Task details:
Print, exactly as they stand, the lines below from the one that has "An anime-style illustration" to the one that has "Колпачок на литой", inclusive, leaving out the pictures.
[[ Given records open ]]
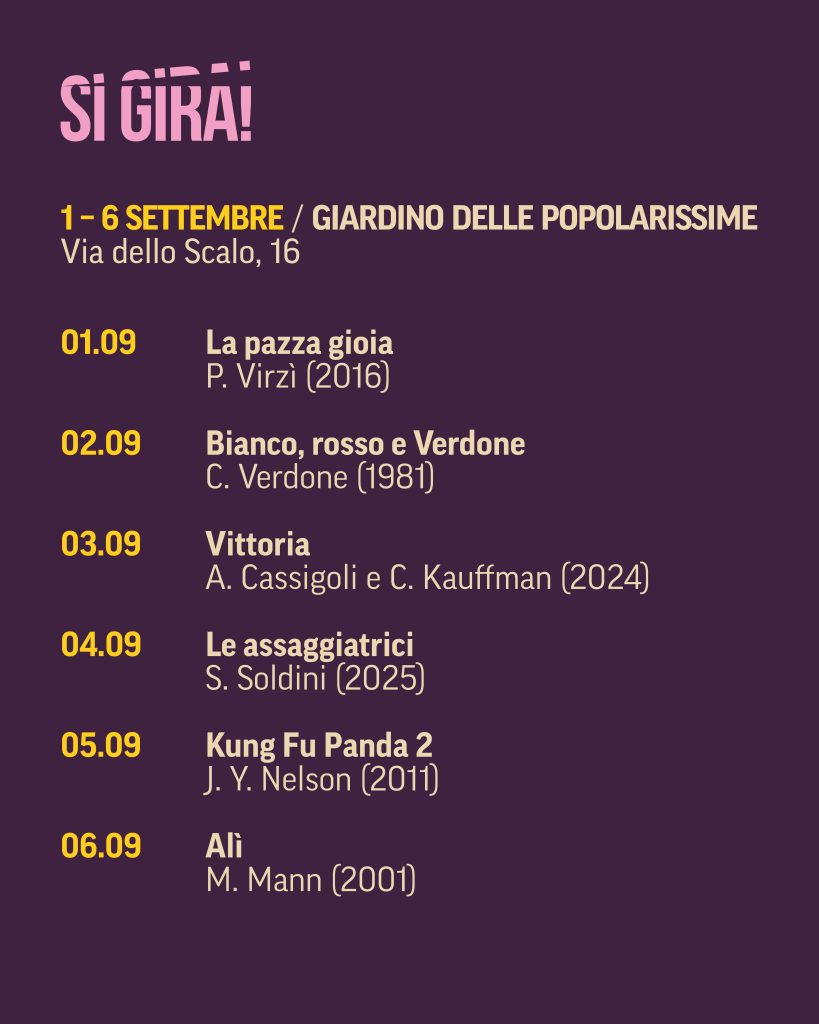 Programma della rassegna Si Gira! alle Popolarissime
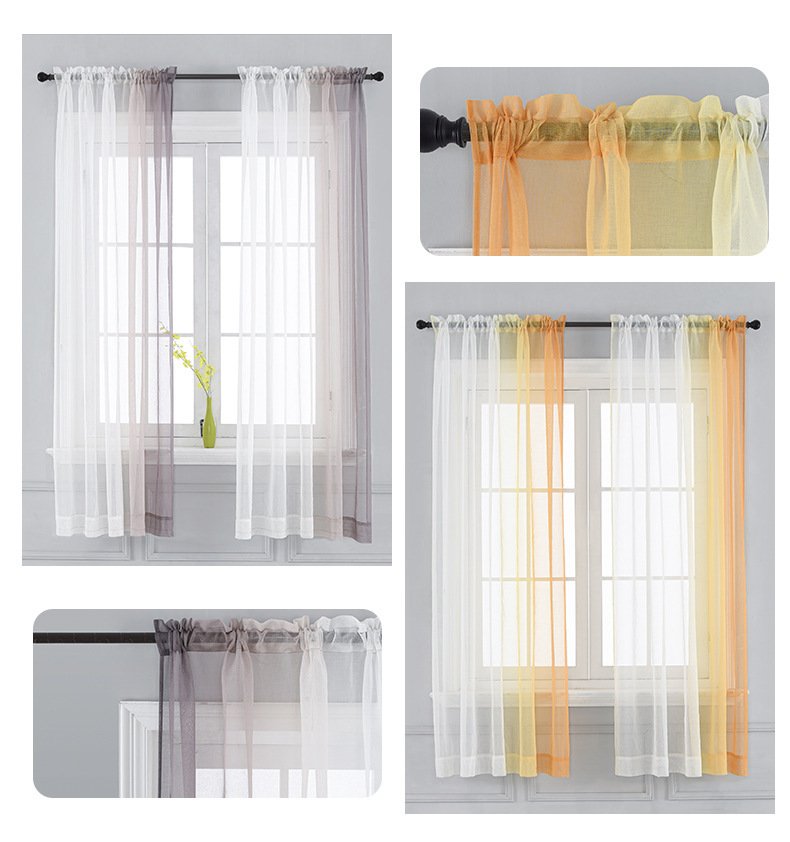 Left & Right Gradient Color Curtain – Finished Window Screen for Stylish Home Decor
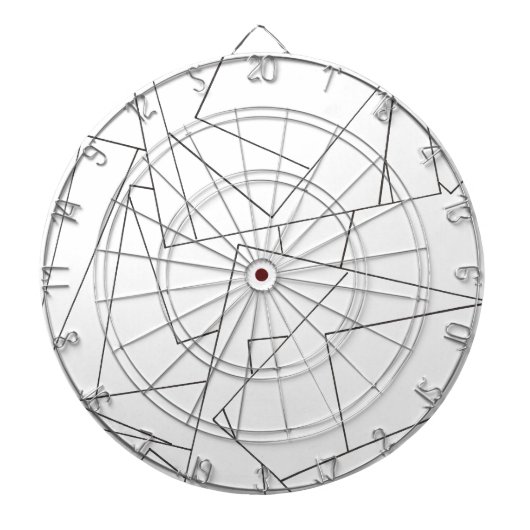 Zwart-wit Geometrisch-Stijlvol Modern Bauhaus Dartbord (Voorkant)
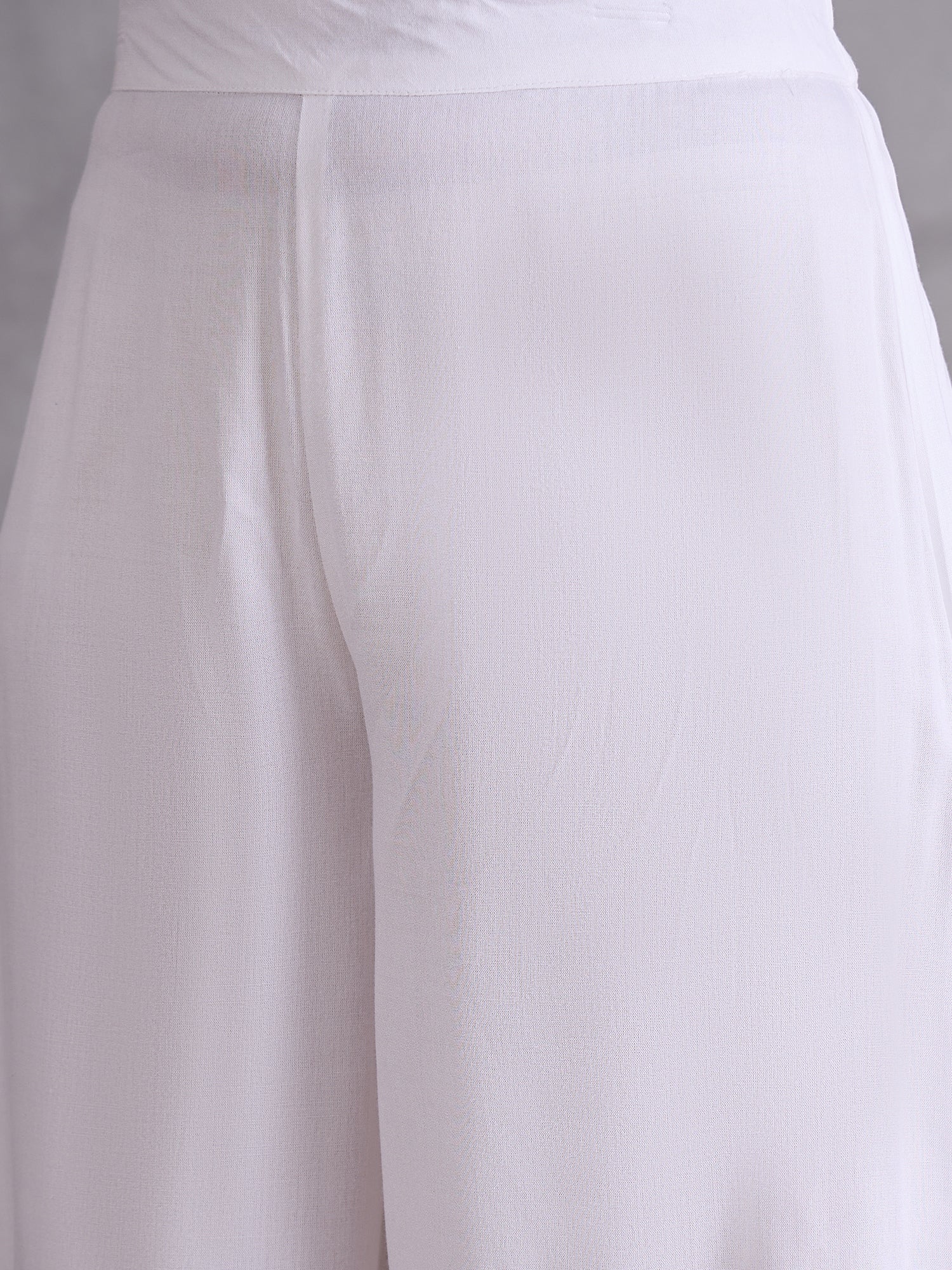 InWeave Pink Small Check Cream Palazzo Set - Swadesiicart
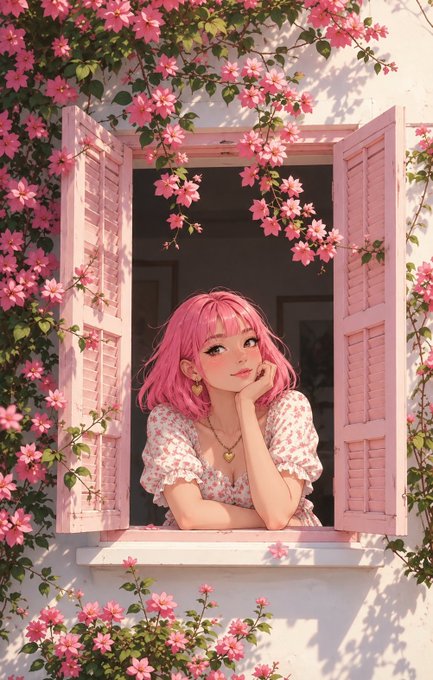 An anime-style illustration of a girl with pink hair and a pink dress leaning on the sill of an open window framed by pink flowers and green vines.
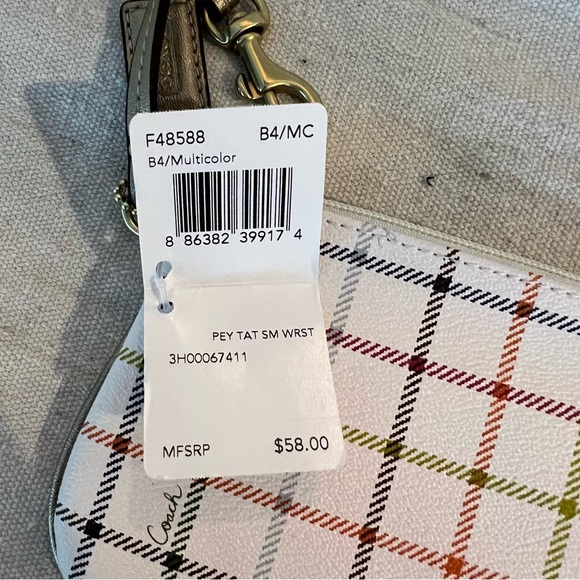 COACH Peyton Tattersall Multicolor Wristlet Style F48588 - Picture 3 of 8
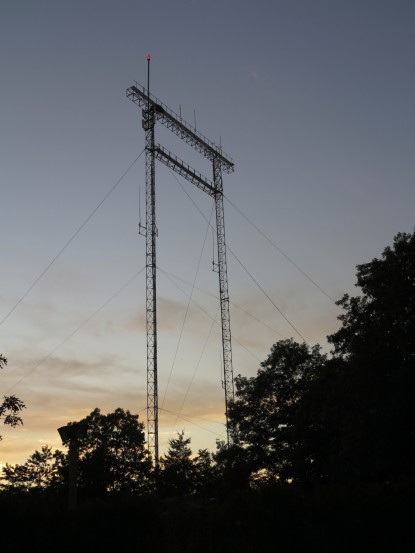 The former Western Union tower in Sag Harbor before it was knocked down.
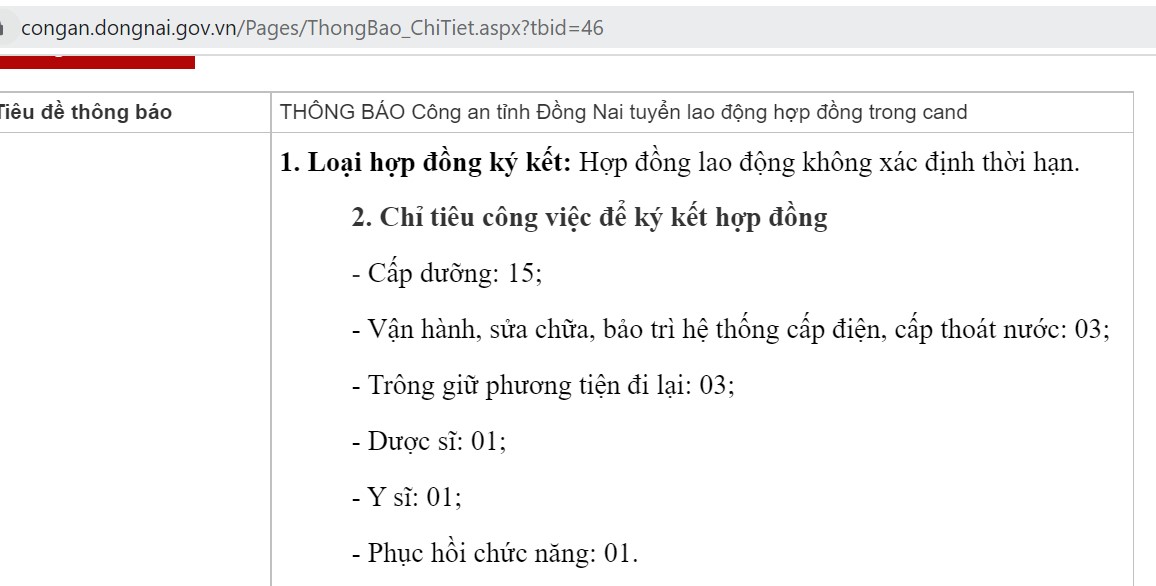 Công an tỉnh Đồng Nai tuyển lao động hợp đồng trong cand
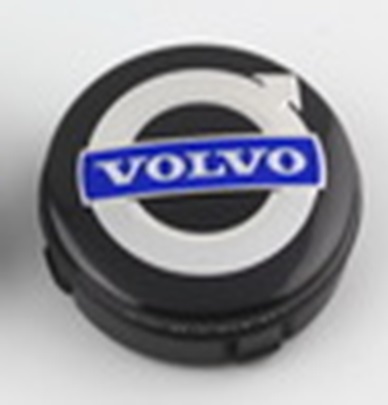 Колпачок на литой диск VOLVO 64mm черный с синей надписью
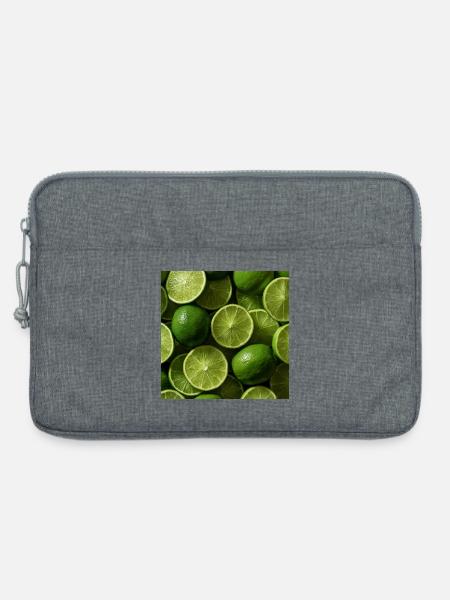 Grüne Limes im Freskomuster - Laptoptasche 13" - Grau meliert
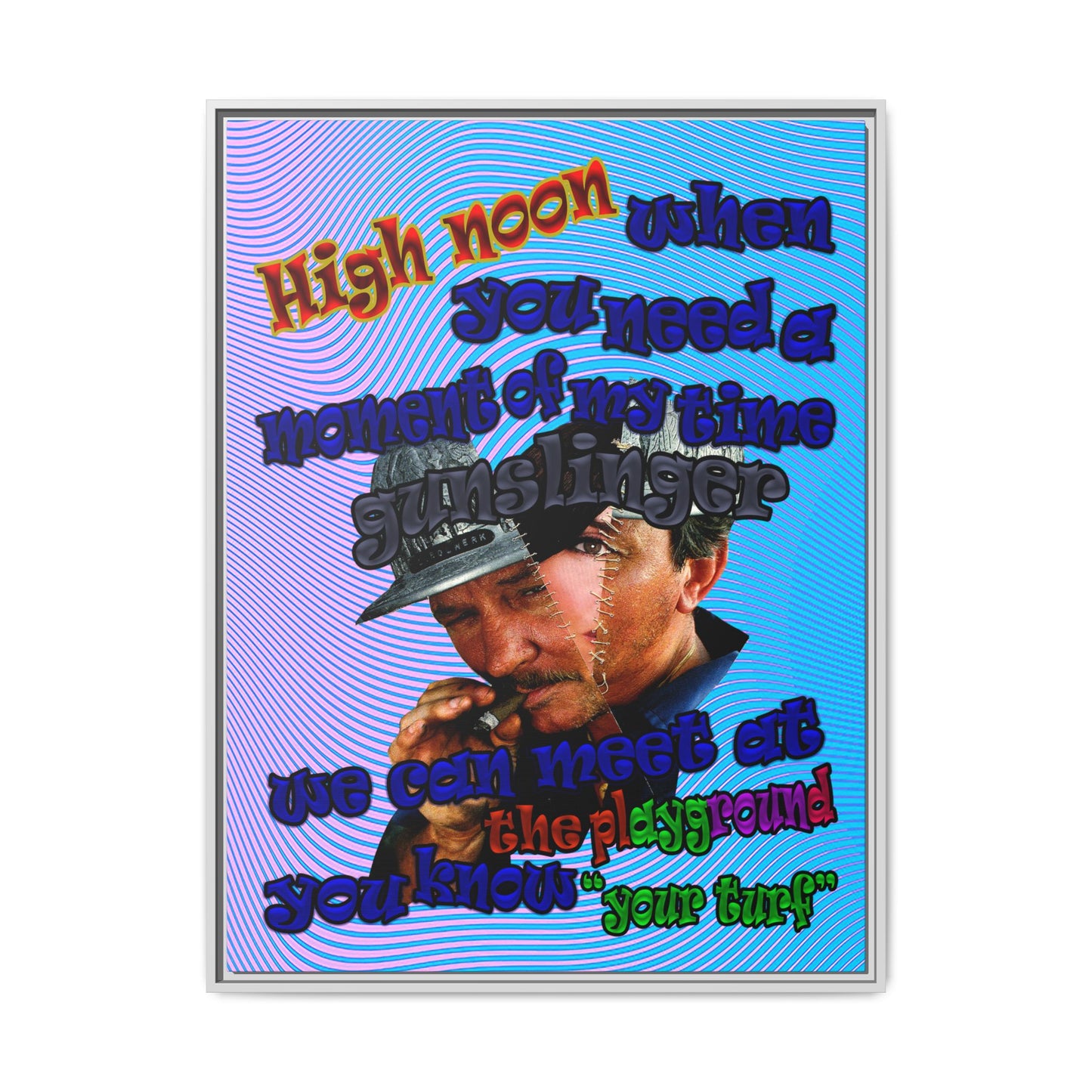 high noon - framed canvas art (light blue-purple wave)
[[ Given records closed ]]
Output below:
 An anime-style illustration of a girl with pink hair and a pink dress leaning on the sill of an open window framed by pink flowers and green vines.
 COACH Peyton Tattersall Multicolor Wristlet Style F48588 - Picture 3 of 8
 The former Western Union tower in Sag Harbor before it was knocked down.
 Công an tỉnh Đồng Nai tuyển lao động hợp đồng trong cand
 Колпачок на литой диск VOLVO 64mm черный с синей надписью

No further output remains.